近年、人的資本経営への関心が高まり、個人の価値観の多様化や人材の流動化が進展する中、個人のスキルやパーソナリティーの可視化と共通言語化に役立つ分散型IDが注目されている。同行は基本合意書に基づき、自己主権型のデジタル証明書の発行や分散型識別子に関する技術検証のほか、これらを活用するビジネスの事業化検証も行う。
実証実験では、学校業務のデジタル化に取り組む。学校の教務窓口での身分証明書の提示や書面による手続きを経なくてもオンラインで各種証明書の入手を可能とする。在学証明、学習履歴、卒業証明書などのデジタル証明書を発行することで、学生が自身に関する情報をスマートフォンで管理し、デジタルIDとして活用できるようにする。
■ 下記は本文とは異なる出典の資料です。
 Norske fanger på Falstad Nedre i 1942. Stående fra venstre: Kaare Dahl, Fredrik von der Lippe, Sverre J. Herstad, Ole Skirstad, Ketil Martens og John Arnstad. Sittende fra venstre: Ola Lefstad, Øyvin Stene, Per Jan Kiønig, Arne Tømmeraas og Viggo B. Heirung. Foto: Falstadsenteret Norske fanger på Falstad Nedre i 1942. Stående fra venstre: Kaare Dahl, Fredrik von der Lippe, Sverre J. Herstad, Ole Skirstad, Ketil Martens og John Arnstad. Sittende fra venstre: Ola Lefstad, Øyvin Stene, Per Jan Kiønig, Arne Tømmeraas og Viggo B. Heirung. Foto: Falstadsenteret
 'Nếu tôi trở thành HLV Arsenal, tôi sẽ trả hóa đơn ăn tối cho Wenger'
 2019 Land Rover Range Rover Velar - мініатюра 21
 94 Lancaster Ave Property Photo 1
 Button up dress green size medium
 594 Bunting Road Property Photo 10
自律的なキャリア形成などに結びつく支援基盤も構築する。個人の属性、学歴、資格、職歴、スキルなどを、デジタル証明書として発行・検証できるネットワークを築き、就職・転職時の活用をめざす。また、社員のキャリアを見える化することで、高度な人的資本経営の実現につなげる。
将来的には分散型IDを本業にも応用したい考え。例えば、個人では住宅ローンで所得や勤続年数といった一般的な評価基準以外に、借り手のキャリアやスキルなども新たな信用力の物差しにできる。法人でもキャリアの可視化を通じて非財務情報の開示や内容の充実が予想されるため、同行では取引先の実情をより深く知ることになり融資機会の拡大も期待できる。
分散型IDの領域は欧米が先行し、24年には実用化される見通し。日本でも三菱UFJ銀とDNPが信頼性のあるデータ流通の実現を狙いにネット上で扱う個人データを自ら管理できるシステムやネットワークを構築し、早期に本格的な社会実装をめざす。